**Assigned task:**
Please reproduce the entries below exactly from the line with "Western blot analysis" through their last line, leaving out any pictures.

Captioned web images:
------------------------

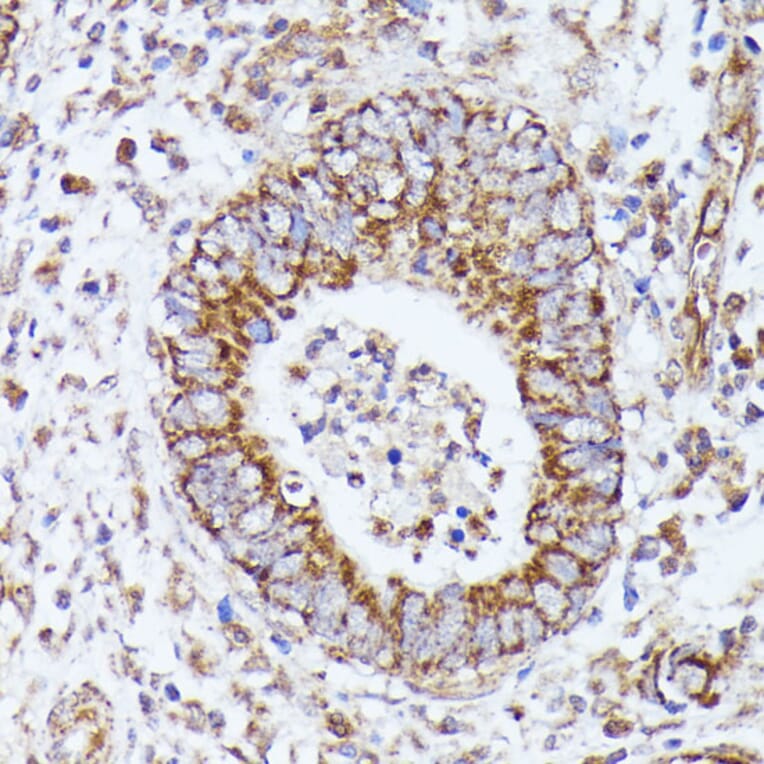 Immunohistochemistry - Anti-Pyruvate Dehydrogenase E2 Antibody (A90937) - Antibodies.com
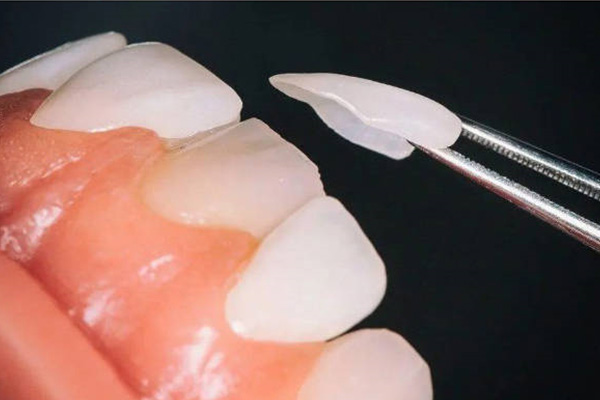 做了牙齿贴面后为什么会牙痛的厉害(做完牙齿贴面后牙齿酸痛怎么办)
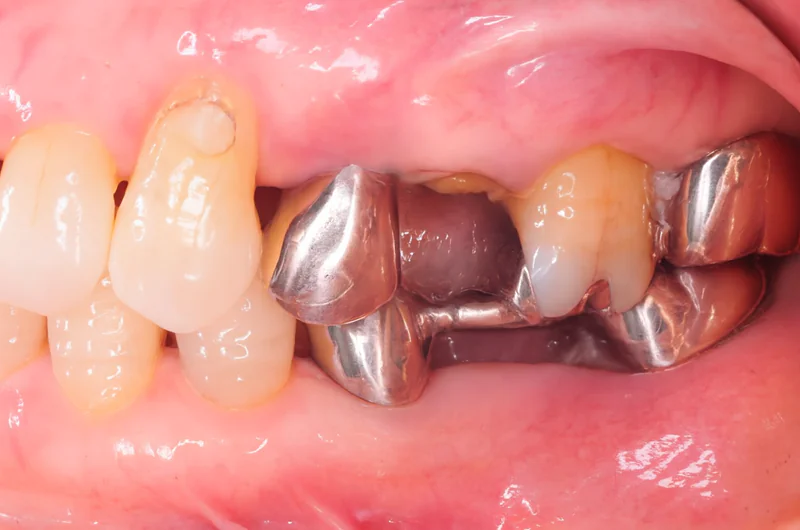 見た目としっかり噛める機能を両立した治療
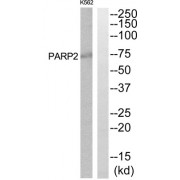 Western blot analysis of extracts from K562 and HuvEc cells, using PARP2 antibody.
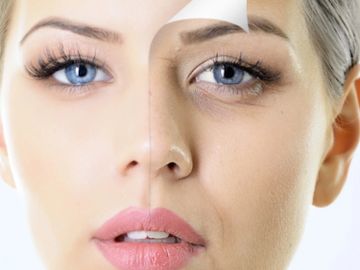 Chemical skin peels in Stockport and Goostrey by aesthetic nurse Debbie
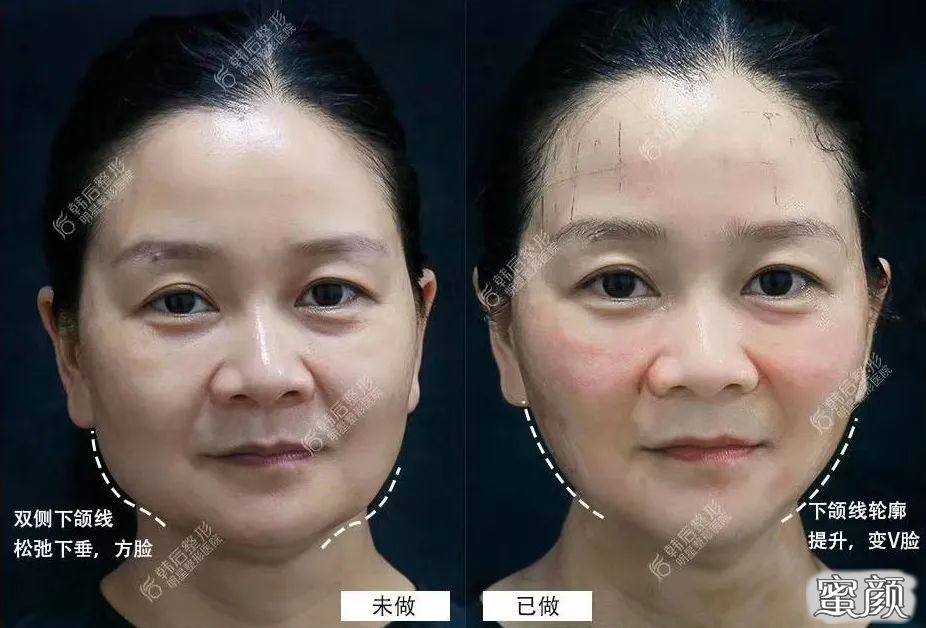 案例图片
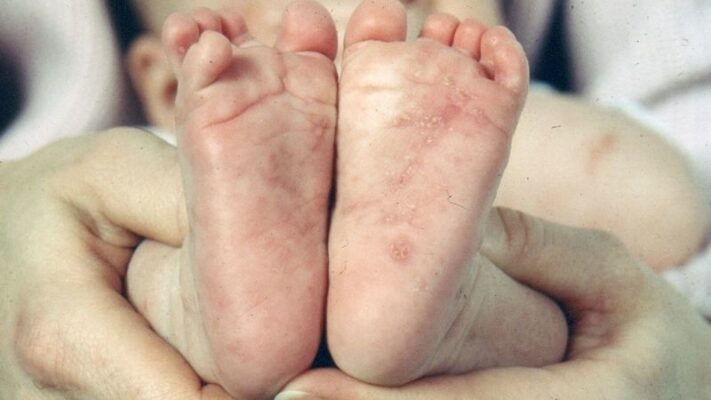 Bé đi giày bị mẩn đỏ chân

------------------------

**Expected answer:**
 Western blot analysis of extracts from K562 and HuvEc cells, using PARP2 antibody.
 Chemical skin peels in Stockport and Goostrey by aesthetic nurse Debbie
 案例图片
 Bé đi giày bị mẩn đỏ chân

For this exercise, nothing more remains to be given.